PhD Candidate, Cornell University
Snapshot Ensemble: Train 1, Get M for Free
Ensembles of neural networks are known to be much more robust and accurate than individual networks. However, training multiple deep networks for model averaging is computationally expensive. In this paper, we propose a method to obtain the seemingly contradictory goal of ensembling multiple neural networks at no additional training cost. We achieve this goal by training a single neural network, converging to several local minima along its optimization path and saving the model parameters. To obtain repeated rapid convergence, we leverage recent work on cyclic learning rate schedules. The resulting technique, which we refer to as Snapshot Ensembling, is simple, yet surprisingly effective. We show in a series of experiments that our approach is compatible with diverse network architectures and learning tasks. It consistently yields lower error rates than state-of-the-art single models at no additional training cost, and compares favorably with traditional network ensembles. On CIFAR-10 and CIFAR-100 our DenseNet Snapshot Ensembles obtain error rates of 3.4% and 17.4% respectively.

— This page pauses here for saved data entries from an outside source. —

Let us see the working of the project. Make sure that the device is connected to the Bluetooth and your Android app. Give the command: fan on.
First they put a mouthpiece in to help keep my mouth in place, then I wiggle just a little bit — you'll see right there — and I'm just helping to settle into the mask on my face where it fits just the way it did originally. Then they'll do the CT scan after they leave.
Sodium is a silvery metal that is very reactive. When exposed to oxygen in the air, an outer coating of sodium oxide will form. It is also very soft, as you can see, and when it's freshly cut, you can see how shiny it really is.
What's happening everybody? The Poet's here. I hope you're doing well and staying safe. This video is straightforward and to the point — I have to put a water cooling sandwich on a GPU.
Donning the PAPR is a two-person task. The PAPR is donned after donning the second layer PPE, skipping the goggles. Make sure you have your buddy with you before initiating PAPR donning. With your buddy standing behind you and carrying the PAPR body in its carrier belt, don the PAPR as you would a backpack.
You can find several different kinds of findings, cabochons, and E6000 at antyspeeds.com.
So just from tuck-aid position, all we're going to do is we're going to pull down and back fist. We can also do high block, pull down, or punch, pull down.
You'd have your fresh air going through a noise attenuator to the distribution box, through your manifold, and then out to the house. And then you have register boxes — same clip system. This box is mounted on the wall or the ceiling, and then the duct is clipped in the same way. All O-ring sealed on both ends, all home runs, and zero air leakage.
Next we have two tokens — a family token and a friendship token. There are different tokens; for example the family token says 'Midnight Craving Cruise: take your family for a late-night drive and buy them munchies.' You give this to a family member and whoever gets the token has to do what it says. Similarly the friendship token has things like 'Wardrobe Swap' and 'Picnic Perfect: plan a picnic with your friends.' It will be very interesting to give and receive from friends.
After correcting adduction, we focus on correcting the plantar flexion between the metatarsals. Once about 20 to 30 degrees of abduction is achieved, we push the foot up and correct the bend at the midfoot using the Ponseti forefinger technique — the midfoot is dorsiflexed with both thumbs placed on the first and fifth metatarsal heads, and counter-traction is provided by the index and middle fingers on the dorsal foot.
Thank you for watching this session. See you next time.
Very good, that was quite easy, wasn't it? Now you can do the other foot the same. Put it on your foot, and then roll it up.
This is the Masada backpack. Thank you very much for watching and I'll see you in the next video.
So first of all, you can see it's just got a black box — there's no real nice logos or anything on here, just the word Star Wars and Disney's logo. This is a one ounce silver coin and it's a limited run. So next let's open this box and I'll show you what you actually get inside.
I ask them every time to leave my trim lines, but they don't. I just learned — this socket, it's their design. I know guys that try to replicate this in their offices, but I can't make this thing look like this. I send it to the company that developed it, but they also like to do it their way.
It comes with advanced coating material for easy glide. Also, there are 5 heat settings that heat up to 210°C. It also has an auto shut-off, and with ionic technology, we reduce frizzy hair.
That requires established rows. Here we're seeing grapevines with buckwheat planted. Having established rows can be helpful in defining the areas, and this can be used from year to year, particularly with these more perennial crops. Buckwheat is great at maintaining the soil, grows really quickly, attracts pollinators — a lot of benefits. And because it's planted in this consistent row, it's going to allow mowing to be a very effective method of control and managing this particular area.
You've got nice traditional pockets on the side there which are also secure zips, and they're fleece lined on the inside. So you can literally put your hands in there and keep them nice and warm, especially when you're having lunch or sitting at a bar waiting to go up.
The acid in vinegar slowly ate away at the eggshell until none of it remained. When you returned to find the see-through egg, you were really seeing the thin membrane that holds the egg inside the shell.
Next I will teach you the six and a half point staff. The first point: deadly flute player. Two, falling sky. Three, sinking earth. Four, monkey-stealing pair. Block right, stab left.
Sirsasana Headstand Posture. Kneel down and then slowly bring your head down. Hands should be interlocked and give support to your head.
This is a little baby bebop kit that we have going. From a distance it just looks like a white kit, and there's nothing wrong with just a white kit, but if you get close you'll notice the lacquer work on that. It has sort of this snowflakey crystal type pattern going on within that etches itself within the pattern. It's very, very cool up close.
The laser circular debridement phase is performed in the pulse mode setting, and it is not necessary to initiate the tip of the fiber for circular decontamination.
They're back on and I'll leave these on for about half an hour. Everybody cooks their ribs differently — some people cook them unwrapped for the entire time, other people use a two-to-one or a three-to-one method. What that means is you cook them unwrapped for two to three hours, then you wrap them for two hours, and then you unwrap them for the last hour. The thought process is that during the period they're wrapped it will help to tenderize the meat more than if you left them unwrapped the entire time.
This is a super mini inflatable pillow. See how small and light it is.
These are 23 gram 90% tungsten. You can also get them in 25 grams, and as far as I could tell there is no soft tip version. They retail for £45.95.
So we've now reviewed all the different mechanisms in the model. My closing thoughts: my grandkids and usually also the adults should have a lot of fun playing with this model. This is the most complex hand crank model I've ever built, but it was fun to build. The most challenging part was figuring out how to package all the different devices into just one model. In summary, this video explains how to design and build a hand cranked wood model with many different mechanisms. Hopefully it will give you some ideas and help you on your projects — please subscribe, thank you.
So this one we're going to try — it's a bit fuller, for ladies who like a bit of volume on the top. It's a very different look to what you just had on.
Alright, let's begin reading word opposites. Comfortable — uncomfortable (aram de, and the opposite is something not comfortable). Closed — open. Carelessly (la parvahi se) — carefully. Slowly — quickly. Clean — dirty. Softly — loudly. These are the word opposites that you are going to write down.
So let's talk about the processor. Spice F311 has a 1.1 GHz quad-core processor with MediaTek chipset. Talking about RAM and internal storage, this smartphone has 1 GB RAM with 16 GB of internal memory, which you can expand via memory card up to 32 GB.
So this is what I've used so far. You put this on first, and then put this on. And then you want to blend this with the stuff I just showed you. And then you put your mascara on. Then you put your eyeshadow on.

Yixuan Li is a Ph.D. candidate at Cornell University, advised by Professor John Hopcroft. Her thesis committee members are Kilian Weinberger and Thorsten Joachims. Her research focuses on both the theoretical and applied aspects of machine learning and perception. Yixuan is particularly interested in large-scale machine learning for the web, with topics including scalable semi-supervised learning, deep representation learning for vision tasks, user modeling in social media, and visual attention based personalization etc. A key focus of her recent work has been on deep learning. Projects include convergent learning in deep neural networks, optimizing neural networks with efficient computational cost, adversarial training of deep generative models, improving neural network safety, and theorectical aspect of deep learning. Yixuan has published in leading machine learning and computer vision conferences, such as NIPS, ICLR, CVPR and WWW. Prior to Cornell, she graduated from Shanghai Jiaotong University with B.Eng in Information Engineering in 2013. She was twice a research intern with Google Research (Mountain View) in 2015 and 2016.